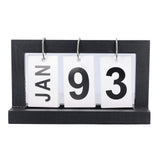 Standing Flip Wooden Desk Calendar Nordic Style Vintage Large Display Wooden Flip Calendar for Office Desktop Home Study Living Room Black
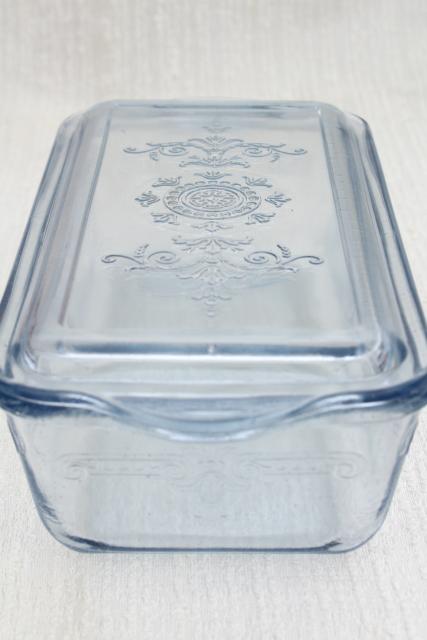 photo of vintage sapphire blue Fire-King Philbe pattern glass loaf baking pan / fridge dish with lid #4
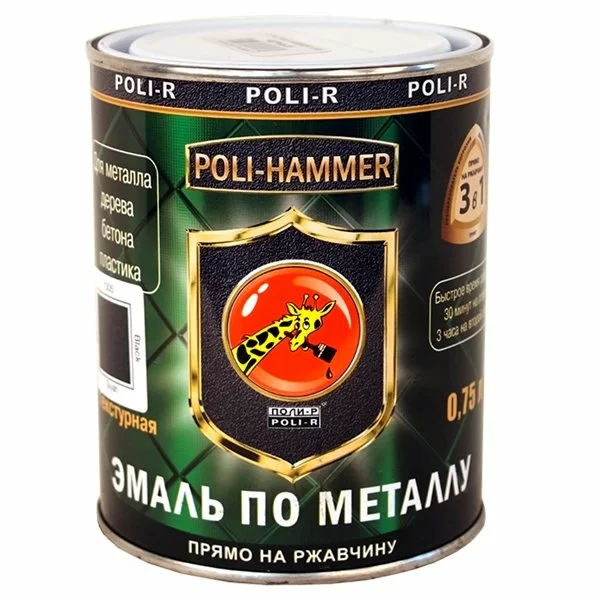 Эмаль по ржавчине Poli-Hammer Poli-R 0.75 л серебристая текстурная 306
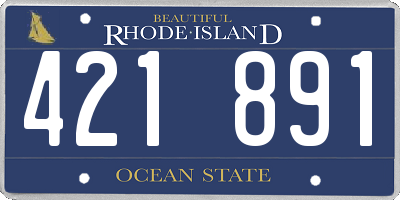 RI license plate 421891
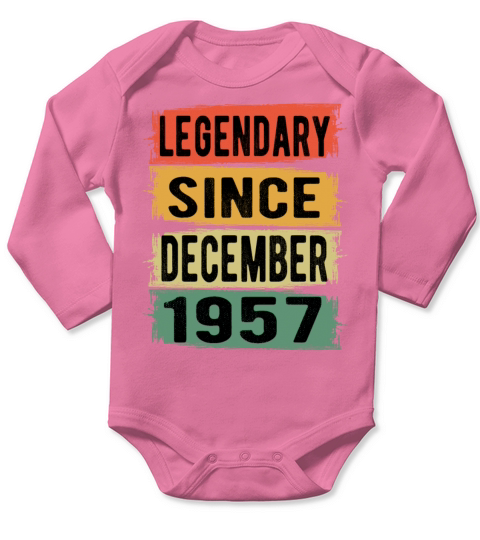 Birthday Retro Legendary December 1957 Long Sleeve Baby One-Piece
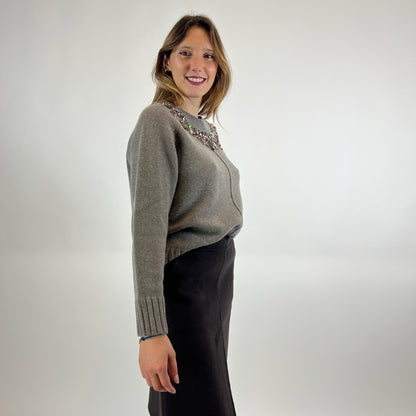 FFC Maglione in lana e cashmere con dettagli gioiello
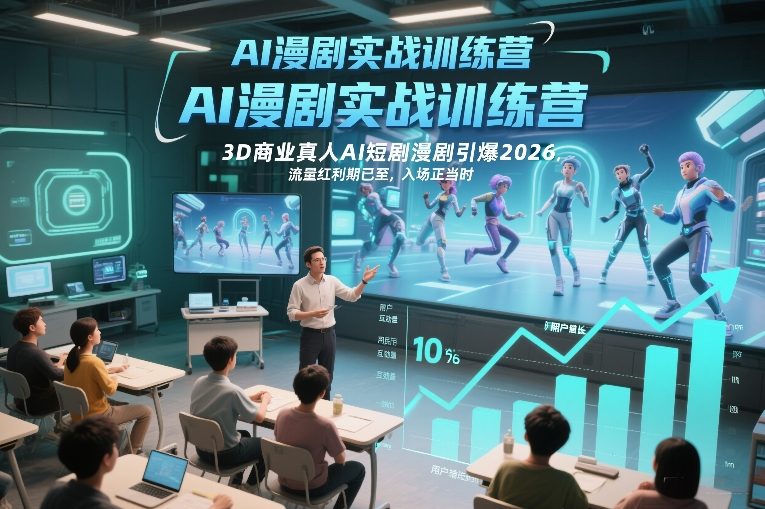 AI漫剧实战训练营，3D商业真人AI短剧漫剧引爆2026，流量红利期已至，入场正当时-HEIXMI（中国站）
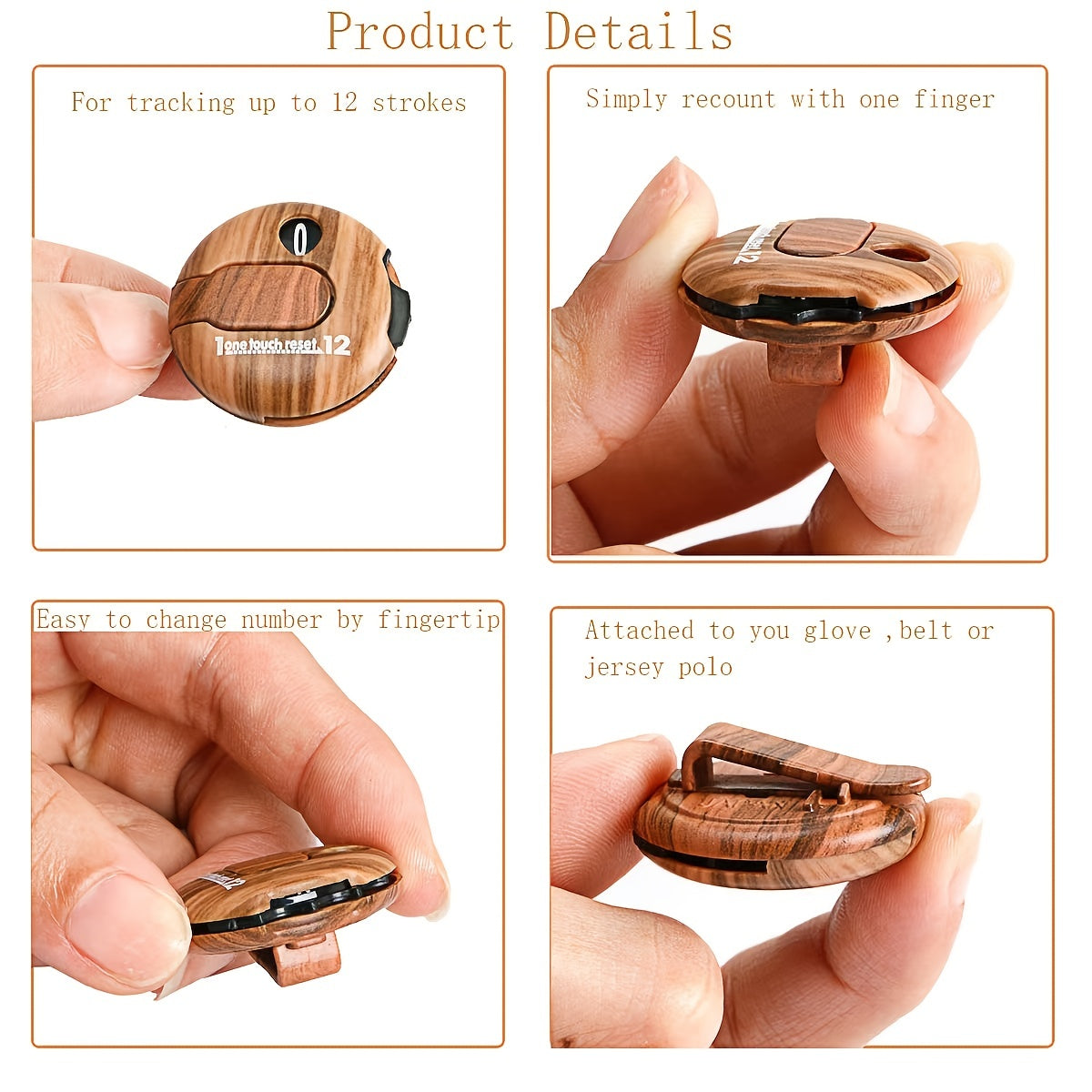 Wood Grain Golf Stroke Counter Mini Stroke Counter Up to 12 Shots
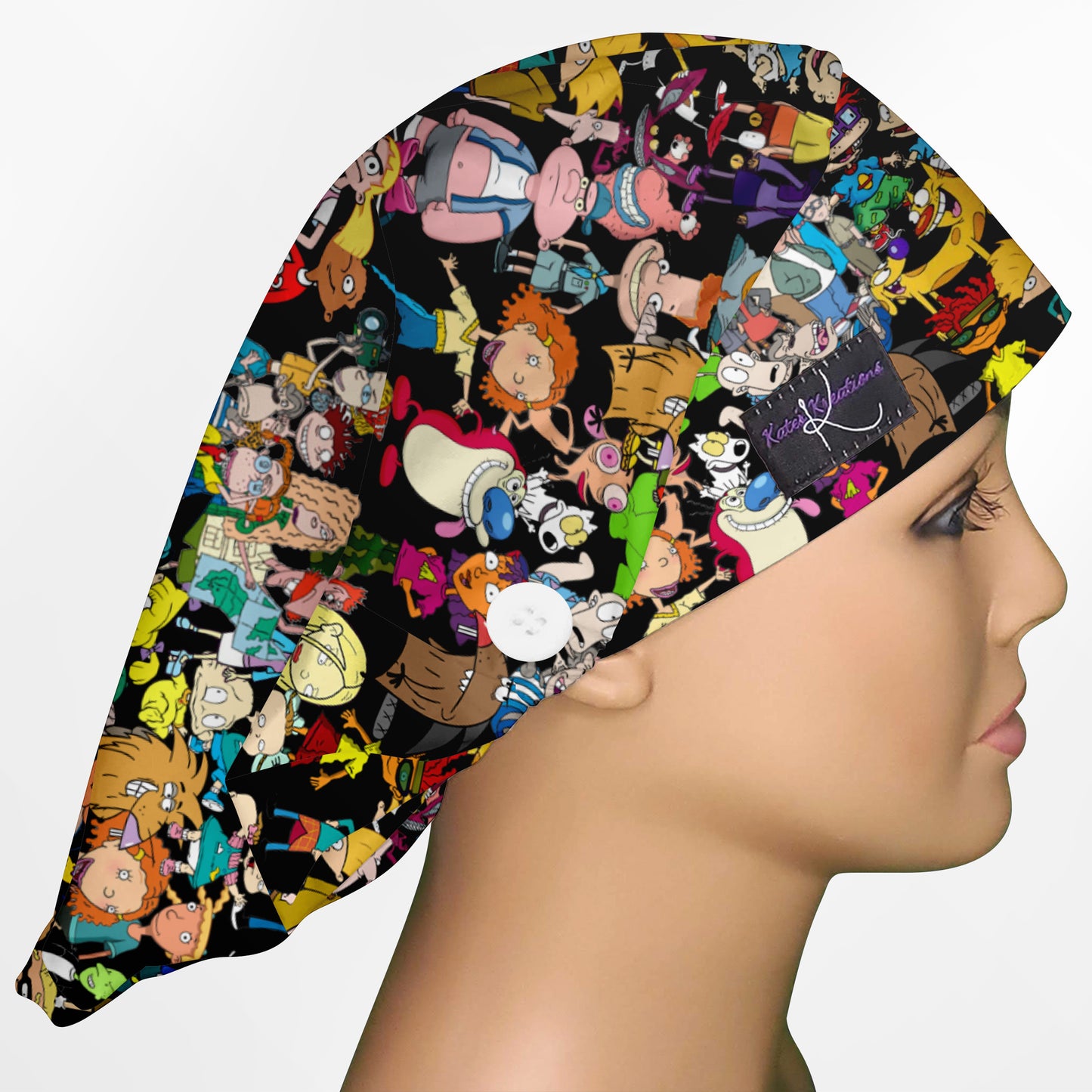 90's Cartoons Bouffant Scrub Caps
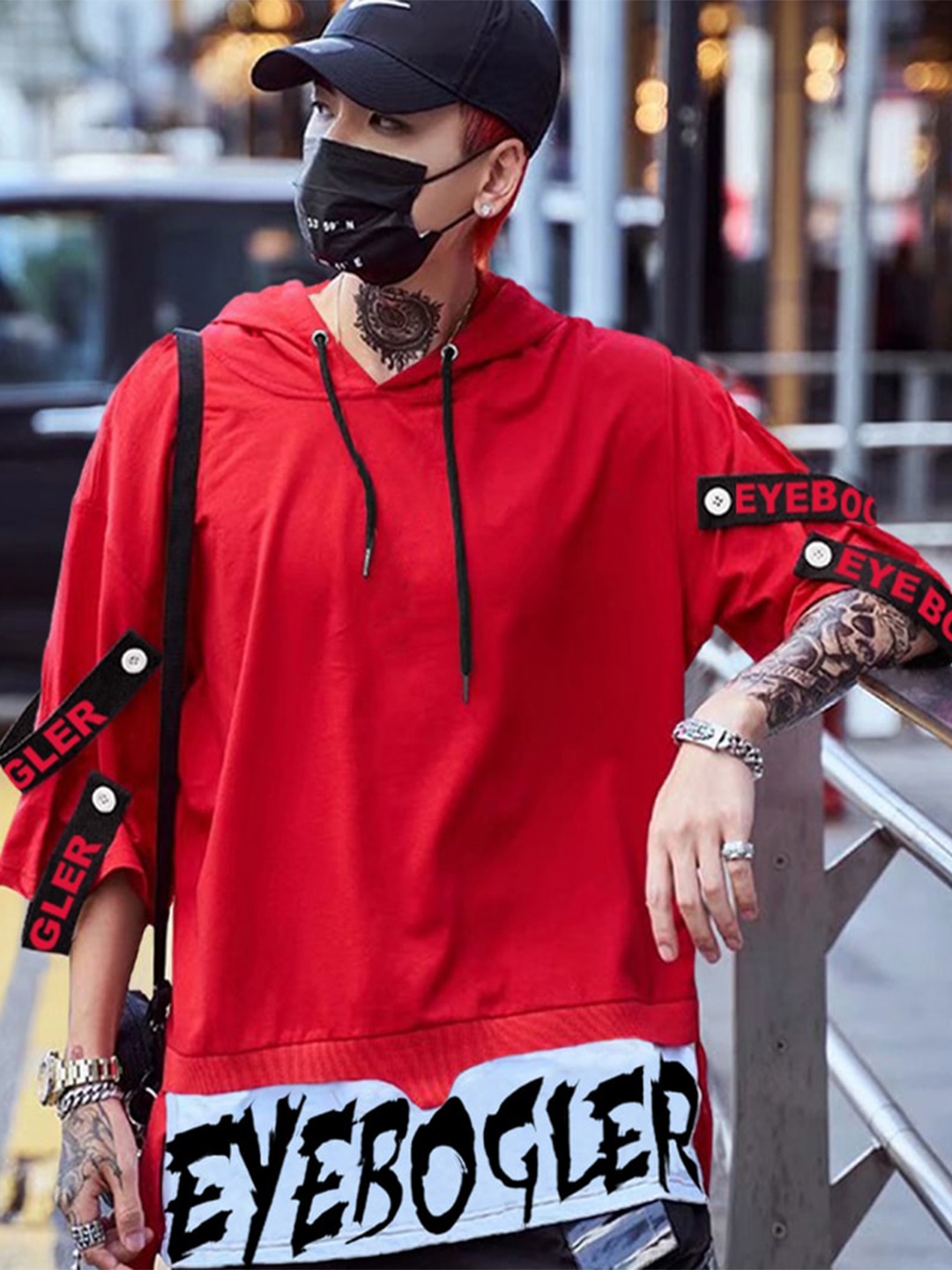 

Eyebogler Typography Printed Hooded Drop-Shoulder Cotton Oversize T-shirt, Red
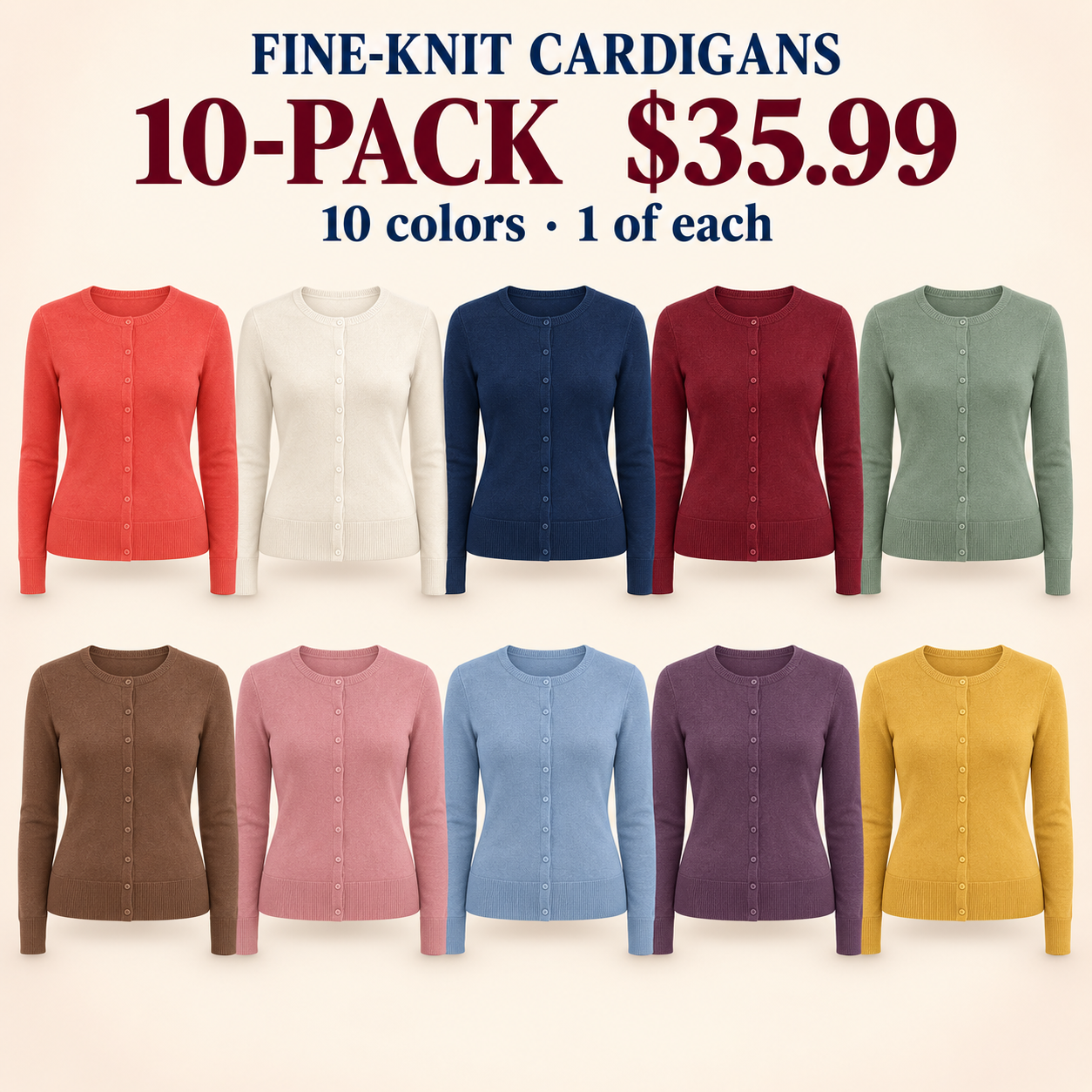 Women's Soft Fine-Knit Button-Front Cardigan Multipacks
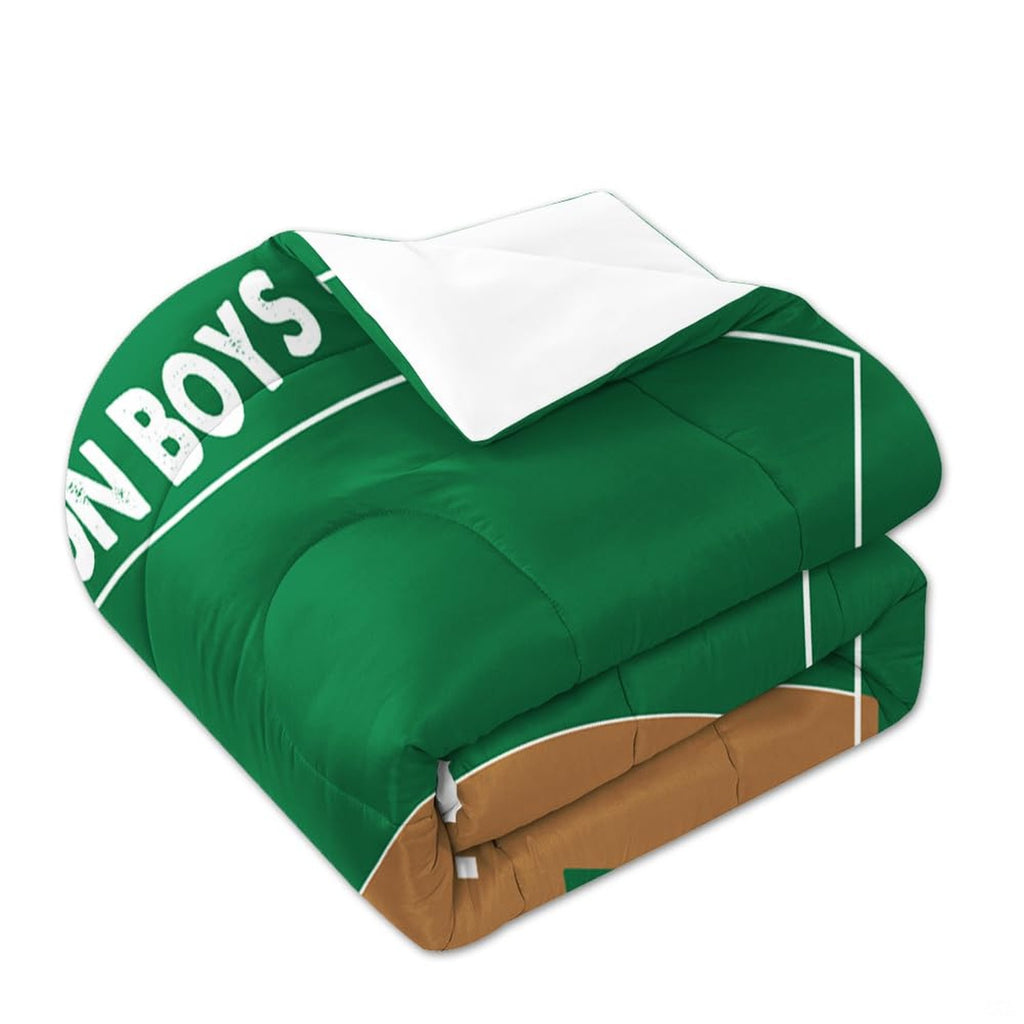Matching pillowcase detail for baseball bedding set showing coordinating helmet and athletic equipment graphics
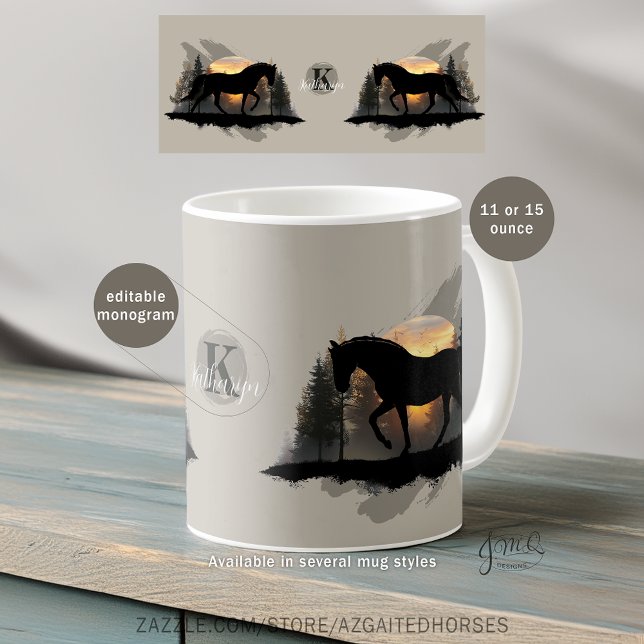 Caneca De Café Tennessee Walking Horse Sunset Silhouette Monogram (Mug design with black Tennessee Walking Horse silhouette in  front of a trees with sunset, monogram.)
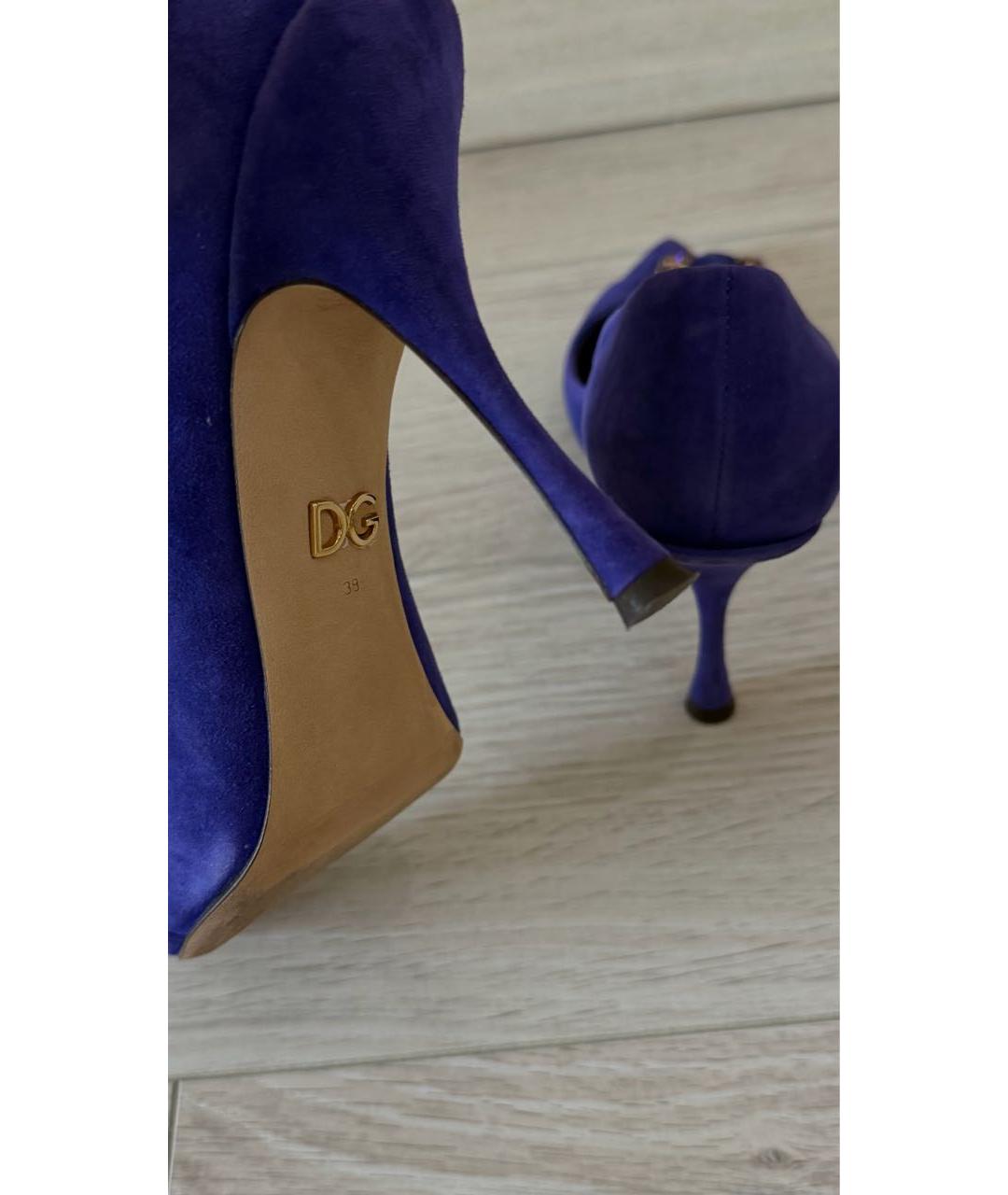 DOLCE&GABBANA Фиолетовые замшевые туфли, фото 6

→ Directions
In the listing above, find the line containing "AI漫剧实战训练营，3D商业" and the line containing "Caneca De Café"; print those lines and every line between them exactly, leaving out pictures.

→ Task output
 AI漫剧实战训练营，3D商业真人AI短剧漫剧引爆2026，流量红利期已至，入场正当时-HEIXMI（中国站）
 Wood Grain Golf Stroke Counter Mini Stroke Counter Up to 12 Shots
 90's Cartoons Bouffant Scrub Caps

Eyebogler Typography Printed Hooded Drop-Shoulder Cotton Oversize T-shirt, Red
 Women's Soft Fine-Knit Button-Front Cardigan Multipacks
Matching pillowcase detail for baseball bedding set showing coordinating helmet and athletic equipment graphics
 Caneca De Café Tennessee Walking Horse Sunset Silhouette Monogram (Mug design with black Tennessee Walking Horse silhouette in  front of a trees with sunset, monogram.)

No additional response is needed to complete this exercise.